Task to carry out: Excluding pictures, give the entries again exactly as they appear.

Records supplied:
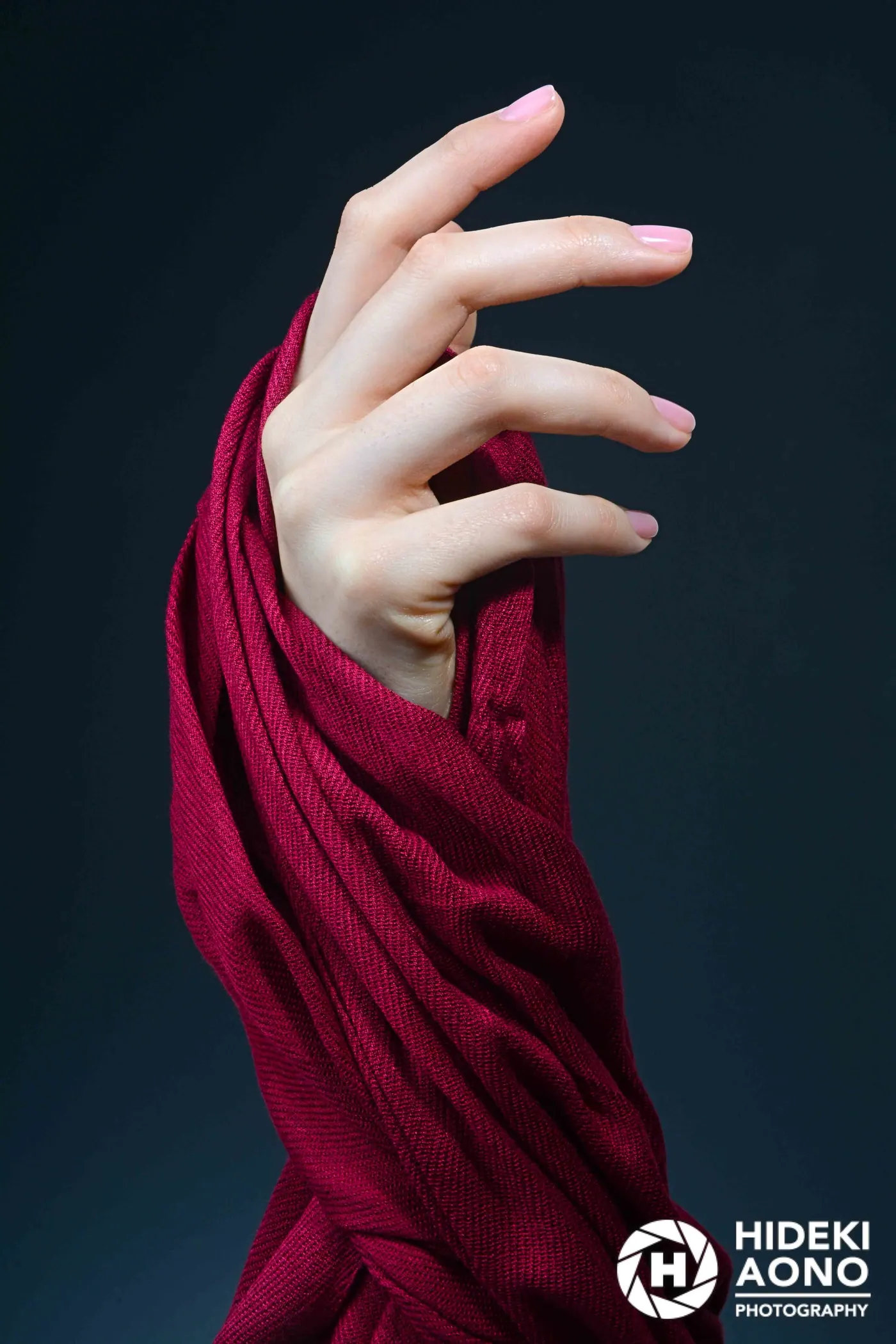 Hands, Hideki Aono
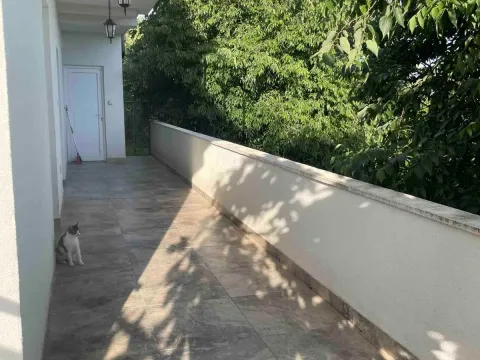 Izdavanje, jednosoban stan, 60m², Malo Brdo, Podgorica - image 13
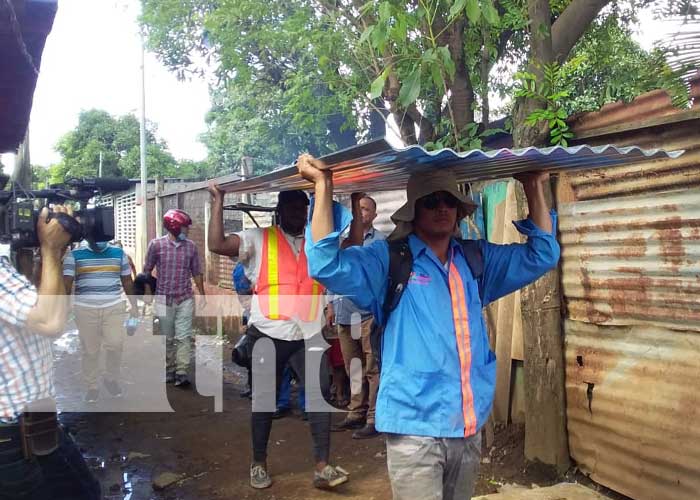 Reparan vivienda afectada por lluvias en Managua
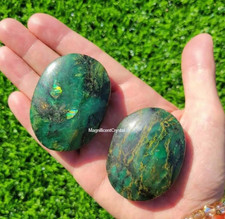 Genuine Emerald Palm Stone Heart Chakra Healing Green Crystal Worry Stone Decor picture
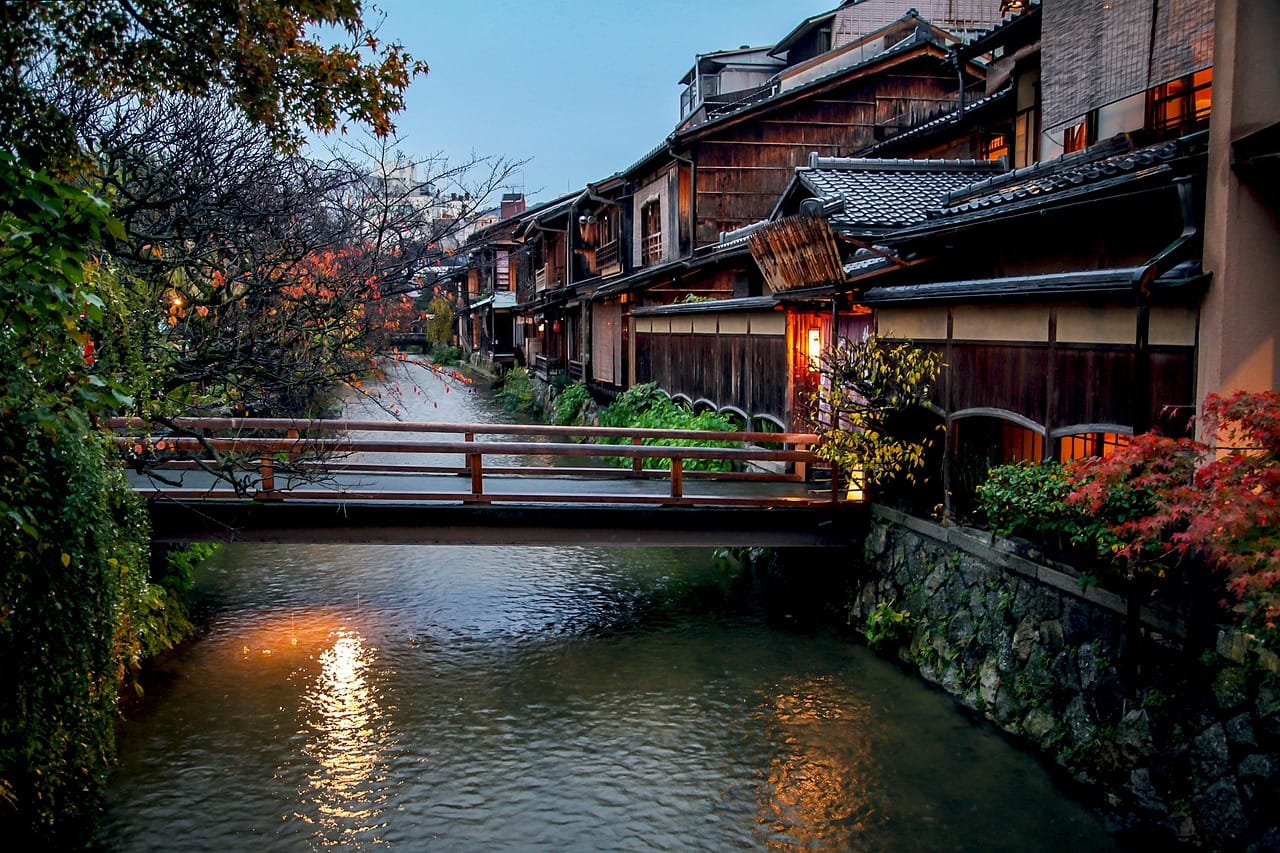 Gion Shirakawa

Solution to the exercise:
 Hands, Hideki Aono
 Izdavanje, jednosoban stan, 60m², Malo Brdo, Podgorica - image 13
 Reparan vivienda afectada por lluvias en Managua
 Genuine Emerald Palm Stone Heart Chakra Healing Green Crystal Worry Stone Decor picture
 Gion Shirakawa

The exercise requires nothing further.